La vraie vie || Adeline Dieudonné

Résumé : "C’est un pavillon qui ressemble à tous ceux du lotissement. Ou presque. Chez eux, il y a quatre chambres. La sienne, celle de son petit frère Gilles, celle des parents, et celle des cadavres. Le père est chasseur de gros gibier. La mère est transparente, amibe craintive, soumise aux humeurs de son mari. Le samedi se passe à jouer dans les carcasses de voitures de la décharge. Jusqu’au jour où un violent accident vient faire bégayer le présent.
Dès lors, Gilles ne rit plus. Elle, avec ses dix ans, voudrait tout annuler, revenir en arrière.

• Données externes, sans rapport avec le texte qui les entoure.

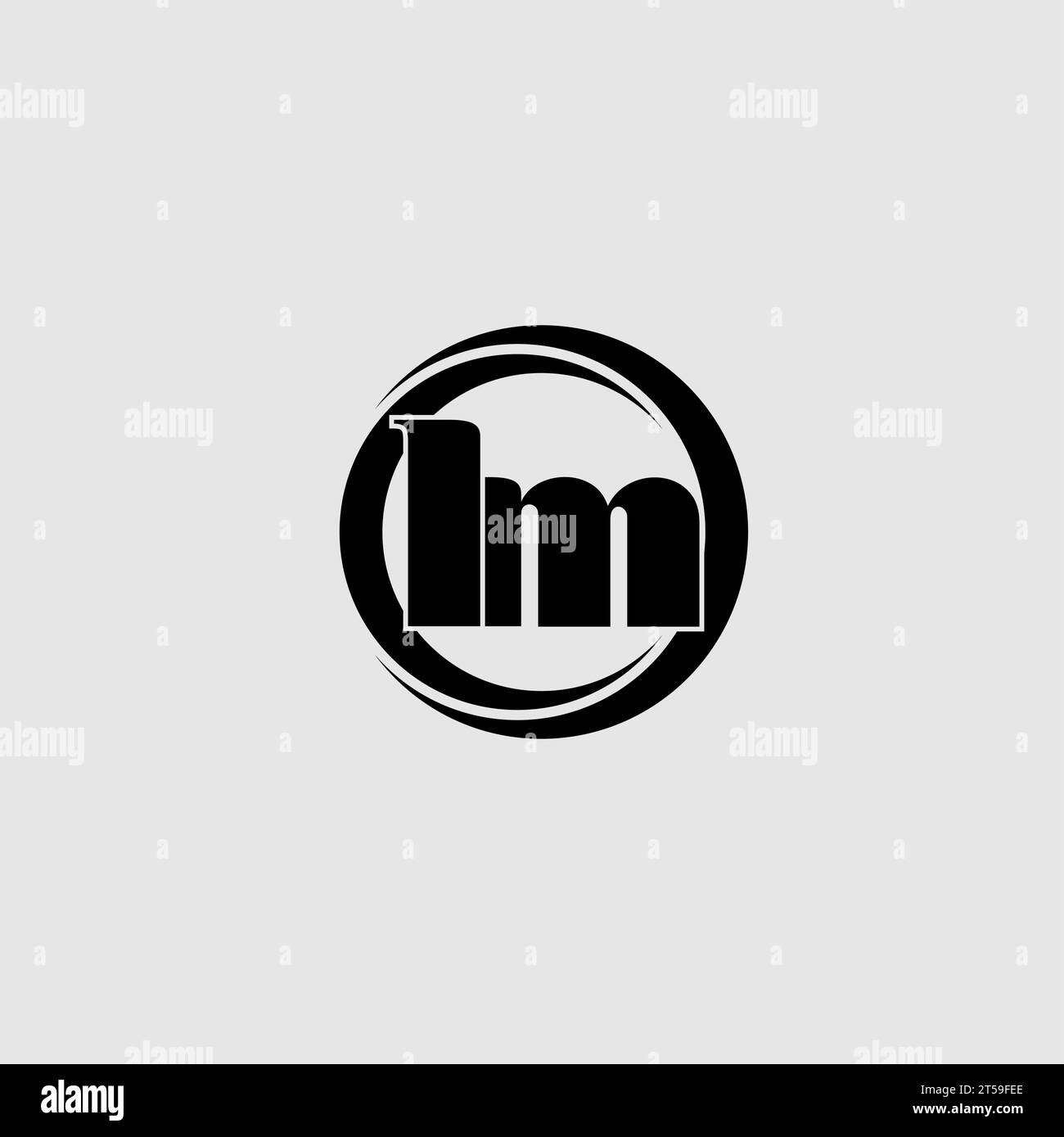 Lettere LM cerchio semplice logo con linea collegata grafica vettoriale Illustrazione Vettoriale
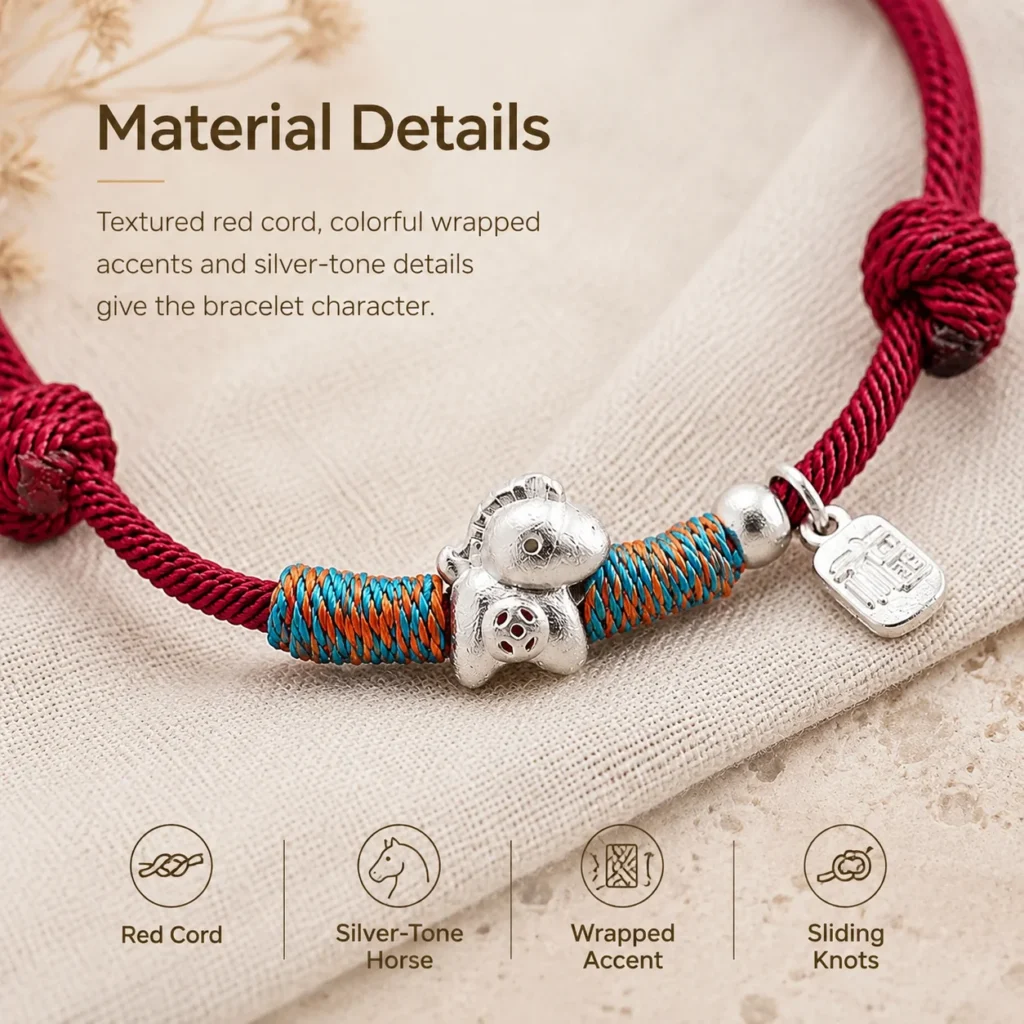 Simple Red String Horse Charm Bracelet 4 simple red string horse charm bracelet material detail image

Effacer cette vie qui lui apparaît comme le brouillon de l’autre. La vraie. Alors, en guerrière des temps modernes, elle retrousse ses manches et plonge tête la première dans le cru de l’existence. Elle fait diversion, passe entre les coups et conserve l’espoir fou que tout s’arrange un jour."

La narratrice est une jeune fille de 10 ans au début de l'histoire dont on ne connaîtra jamais le prénom. Elle raconte son enfance teintée de terreur auprès de ses parents et de son jeune frère de 6 ans, Gilles.
Avec un père autoritaire, tortionnaire et une mère défaitiste et transparente qui ne semble être là que pour essuyer la violence et les coups de son mari, la narratrice et son frère Gilles tentent de grandir le plus discrètement possible dans un seul but, fuir cette famille.
Mais un drame effroyable va venir rebattre les cartes de cette famille et forcer la narratrice à revoir ses plans d'avenir afin de sauver son frère, avant même d'envisager de se sauver elle-même.

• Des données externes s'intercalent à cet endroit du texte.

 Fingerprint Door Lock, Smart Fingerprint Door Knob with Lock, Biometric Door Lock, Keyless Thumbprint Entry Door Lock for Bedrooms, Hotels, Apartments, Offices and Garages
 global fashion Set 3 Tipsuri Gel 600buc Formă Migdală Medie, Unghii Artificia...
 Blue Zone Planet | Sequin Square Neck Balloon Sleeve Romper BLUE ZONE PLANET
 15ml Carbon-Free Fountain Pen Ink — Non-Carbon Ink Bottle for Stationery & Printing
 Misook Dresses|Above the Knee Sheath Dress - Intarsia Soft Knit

La vraie vie est une histoire prenante dès les premières pages voire même dès les premières lignes.
Parfois, l'auteur prend le temps d'installer son histoire, ses personnages et leur environnement. Ici, Adeline Dieudonné nous plonge d'entrée dans le quotidien de cette famille, avec la description glaçante de ce père, pièce centrale de l'oeuvre.
Le style d'écriture est très agréable mais très anxiogène, si bien qu'il s'installe une tension permanente qui ne va pas lâcher le lecteur des premières lignes jusqu'aux dernières.
Notre lecture va nous apprendre que chaque moment d'accalmie vécus par la narratrice ne sont en réalité que le calme avant la tempête et que, comme elle, jamais le lecteur ne doit se reposer et lâcher sa garde.
Garde que j'ai moi-même relâchée à de nombreuses reprises, me prenant violemment la suite de l'histoire de plein fouet. On apprend de ses erreurs.
Cette lecture m'a vraiment marquée. Agréablement marquée. Effroyablement, aussi.

Le fait qu'Adeline Dieudonné ne mentionne jamais le prénom de la narratrice, laisse flotter un sentiment, erroné, qu'il pourrait s'agir d'un récit autobiographique. Et bien qu'il s'agisse d'un roman, cela donne une dimension encore plus réelle à l'histoire (et donc terrifiante). On a beau savoir qu'il s'agit d'un roman, la justesse et la précision des sentiments ressentis par la narratrice vient presque remettre cette certitude en cause. Incroyable !

Outre sa noirceur, ce livre est philosophiquement riche. Les pensées de la narratrice sont à la fois candides mais aussi profondément pures et réfléchies.
Il y a aussi l'omniprésence d'Eros et Thanatos, l'amour/la vie est en constante opposition à la mort qui rode comme un redoutable spectre au dessus de cette famille.

Et bien que l'on ait l'intime conviction que pour mettre fin au supplice de cette famille il n'y a qu'une seule solution possible, on arrive encore à être surpris.
Si la mère et les enfants sont de véritables punching-balls pour le père, nous, lecteurs, nous sommes celui de ce roman, incontestablement.

Je termine avec la première description que nous avons du père. Le décor est planté, trop tard pour s'échapper.
"Aux murs, dans des cadres, mon père posait, fier, son fusil à la main, sur des animaux morts. Il avait toujours la même pose, un pied sur la bête, un poing sur la hanche et l’autre main qui brandissait l’arme en signe de victoire, ce qui le faisait davantage ressembler à un milicien rebelle shooté à l’adrénaline du génocide qu’à un père de famille."



Mon exemplaire était aux éditions France Loisirs.